Они провели ночь в комнате Люциллы и ушли на рассвете.
— Куда ты ведешь меня, друг? — спросил Нарцисс.
— Туда, где мы будем жить спокойно все время, пока я не повидаюсь с Семпронием, — ответил певец.
Он привел друга в развалины той самой древней крепости, где Аминандр едва не убил в гневе. Аврелию. На дворе бродило до пятидесяти человек мужчин и до двадцати женщин; среди них бегали и дети. Оставив друга у ворот, певец поговорил с некоторыми из них и возвратился.
— Пойдем; наше жилище уже готово, — сказал он и привел друга во второй этаж башни, лестницу которой уже успели починить до такой степени, что с нее нельзя было слететь и раздробить голову, как прежде, и устроить перила.
— Читай! — сказал певец, указывая на стену, где были написаны клятвы Люциллы и Аминандра.
— Она жила здесь! — удивился Нарцисс.
— Да. Здесь было написано подложное письмо Катилины, решившее участь ее простоватого мужа.
— Лучше бы она его не писала!
— Не все ль равно теперь? ни ее, ни ее мужа нет на свете, есть только мы, — ее мстители.
— Аминандр — ее друг!
— Самый верный. Часто бывают на свете удивительные вещи!.. ты любил Люциллу; ты, значит, считал ее за хорошую, добрую женщину?
— Да. Она была добра и чиста сердцем.
— Ты знал Аврелию, дочь Котты?
— Знал. Она — цветок невинности и доброты.
— А эти женщины терпеть не могли одна другую. Ни любовь, ни зависть, ничто не стояло между ними; никакого соперничества не было, потому что Аврелия не завидовала ни красоте, ни чему-либо другому в Люцилле, а ненавидела ее, сама не зная, за что.
— Люцилла была прекрасна, как лилия: Аврелия, как ландыш; обе были прелестны, невинны и добродетельны.
— И обе глубоко ненавидели одна другую.
Бродяги прожили месяц в развалинах. Лида и Амиза посещали башню, но также не узнали, кто скрывается под именем Нарцисса, а он свободно расхаживал между бандитами, удивляясь только одному: отчего Рамес, бывший прежде выше ростом, стал теперь равен головой своей жене, но высказать этого другу не решился, боясь новых расспросов о своем прошлом.
Глава XI
Ужин у старого воина. — Певец-загадка
Справив тризну по дочери, Семпроний остался жить в своей Пальмате безвыездно, как в добровольной ссылке, никого не посещая и не принимая. Он вызвал к себе только Росцию и долго беседовал с ней.
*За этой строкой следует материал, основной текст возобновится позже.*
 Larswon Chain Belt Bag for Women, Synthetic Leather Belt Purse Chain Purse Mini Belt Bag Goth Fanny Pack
Он поручил ей свою месть, на что актриса ответила притворным согласием и взялась найти Аминандра; потом старик спросил ее, есть ли в самом деле известный ей хорист под именем Электрона, или эта личность только бред безумия его несчастной Люциллы?
— Электрон-сицилиец не бред твоей дочери, — ответила актриса, — это личность загадочная; он певец, плясун и разбойник, друг Меткой Руки.
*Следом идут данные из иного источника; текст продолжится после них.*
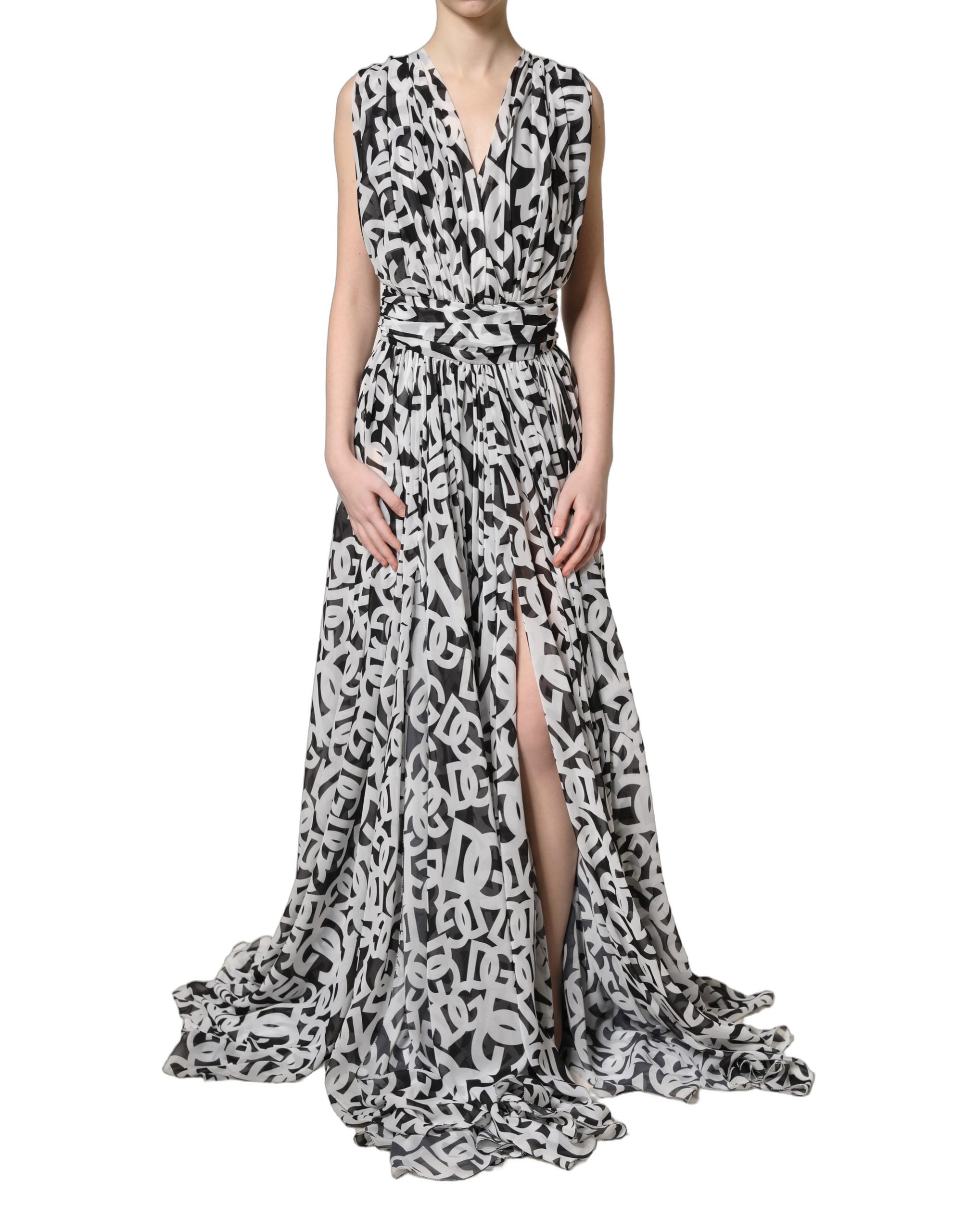 Dolce & Gabbana Black White Logo Sleeveless Floor Length Maxi Dress Dolce & Gabbana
— Моя дочь вела дружбу с разбойником?!
— Твоя дочь любила Электрона; за что она его любила, — не мне знать, не мне и говорить. Я умею выведывать тайны, но никогда не разглашаю их, даже тайны мертвых, иначе ни один хороший человек не вверил бы мне ни одного секрета, не просил бы моего содействия и не уважал бы меня.
Больше года прошло после смерти Люциллы, а про загадочного певца Семпроний ничего не узнал. Родные и знакомые, которым старик показал завещание своей дочери, посудили, покритиковали, но мало-помалу перестали толковать об участи и завещании неукротимой. Семпрония и Люциллу забыли.
Государственные потрясения заставили всех забыть и Катилину: на проделки его партизанов стали глядеть сквозь пальцы, почти не замечая их преступных потех ночью, — убийств на мосту и на улицах, похищений, краж и т. п. Улик никаких не было; притянуть к суду злодея и всю его шайку не было возможности: он по-прежнему величаво расхаживал по Форуму в своей тоге и заседал на своей сенаторской скамье, рассуждая о мерах к прекращению набегов корсаров на берега и разбоя в городе, точно это его нимало не касалось. С ним видалась, с ним говорили, вели прения, но все-таки он был забыт, т. е. лишен внимания публики и толков общественного мнения за множеством другого, более интересного материала.